Include value data in views

Views store both the key and value emitted by the emit(). To ensure the highest performance, views should only emit the minimum key data required to search and select information. The value output by emit() should only be used when you need the data to be used within a reduce().

You can obtain the document value by using the core Couchbase API to get individual documents or documents in bulk. Some SDKs can perform this operation for you automatically.

Using this model will also prevent issues where the emitted view data may be inconsistent with the document state and your view is emitting value data from the document which is no longer stored in the document itself.

For views that are not going to be used with reduce, you should output a null value:


function(doc, meta)
    {
    if(doc.type == 'object')
    emit(doc.experience, null);
    }

This creates an optimized view containing only the information required, ensuring the highest performance when updating the view, and smaller disk usage.
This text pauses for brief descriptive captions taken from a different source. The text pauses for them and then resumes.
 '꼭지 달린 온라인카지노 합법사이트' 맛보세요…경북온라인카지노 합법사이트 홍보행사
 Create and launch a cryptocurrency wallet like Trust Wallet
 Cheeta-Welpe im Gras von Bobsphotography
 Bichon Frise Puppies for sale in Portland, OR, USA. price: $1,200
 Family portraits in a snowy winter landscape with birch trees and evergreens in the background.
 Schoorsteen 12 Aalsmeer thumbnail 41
Don’t include entire documents in view output

A view index should be designed to provide base information and through the implicitly returned document ID point to the source document. It is bad practice to include the entire document within your view output.
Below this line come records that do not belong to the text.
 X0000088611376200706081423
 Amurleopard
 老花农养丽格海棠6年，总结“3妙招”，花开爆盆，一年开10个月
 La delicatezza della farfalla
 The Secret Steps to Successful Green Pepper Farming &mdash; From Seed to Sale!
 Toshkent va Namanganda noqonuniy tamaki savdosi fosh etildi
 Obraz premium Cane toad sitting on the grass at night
You can always access the full document data through the client libraries by later requesting the individual document data. This is typically much faster than including the full document data in the view index, and enables you to optimize the index performance without sacrificing the ability to load the full document data.

For example, the following is an example of a bad view:


function(doc, meta)
    {
    if(doc.type == 'object')
    emit(doc.experience, doc);
    }

The above view may have significant performance and index size effects.

This will include the full document content in the index.

Instead, the view should be defined as:


function(doc, meta)
    {
    if(doc.type == 'object')
    emit(doc.experience, null);
    }

You can then either access the document data individually through the client libraries, or by using the built-in client library option to separately obtain the document data.

Use document types

If you are using a document type (by using a field in the stored JSON to indicate the document structure), be aware that on a large database this can mean that the view function is called to update the index for document types that are not being updated or added to the index.

For example, within a database storing game objects with a standard list of objects, and the users that interact with them, you might use a field in the JSON to indicate ‘object’ or ‘player’. With a view that outputs information when the document is an object:


function(doc, meta)
{
  emit(doc.experience, null);
}

If only players are added to the bucket, the map/reduce functions to update this view will be executed when the view is updated, even though no new objects are being added to the database. Over time, this can add a significant overhead to the view building process.

In a database organization like this, it can be easier from an application perspective to use separate buckets for the objects and players, and therefore completely separate view index update and structure without requiring to check the document type during progressing.

Use built-in Reduce functions

Where possible, use one of the supplied built-in reduce functions, _sum, _count](#couchbase-views-writing-reduce-count), _stats](#couchbase-views-writing-reduce-stats).

These functions are highly optimized. Using a custom reduce function requires additional processing and may impose additional build time on the production of the index.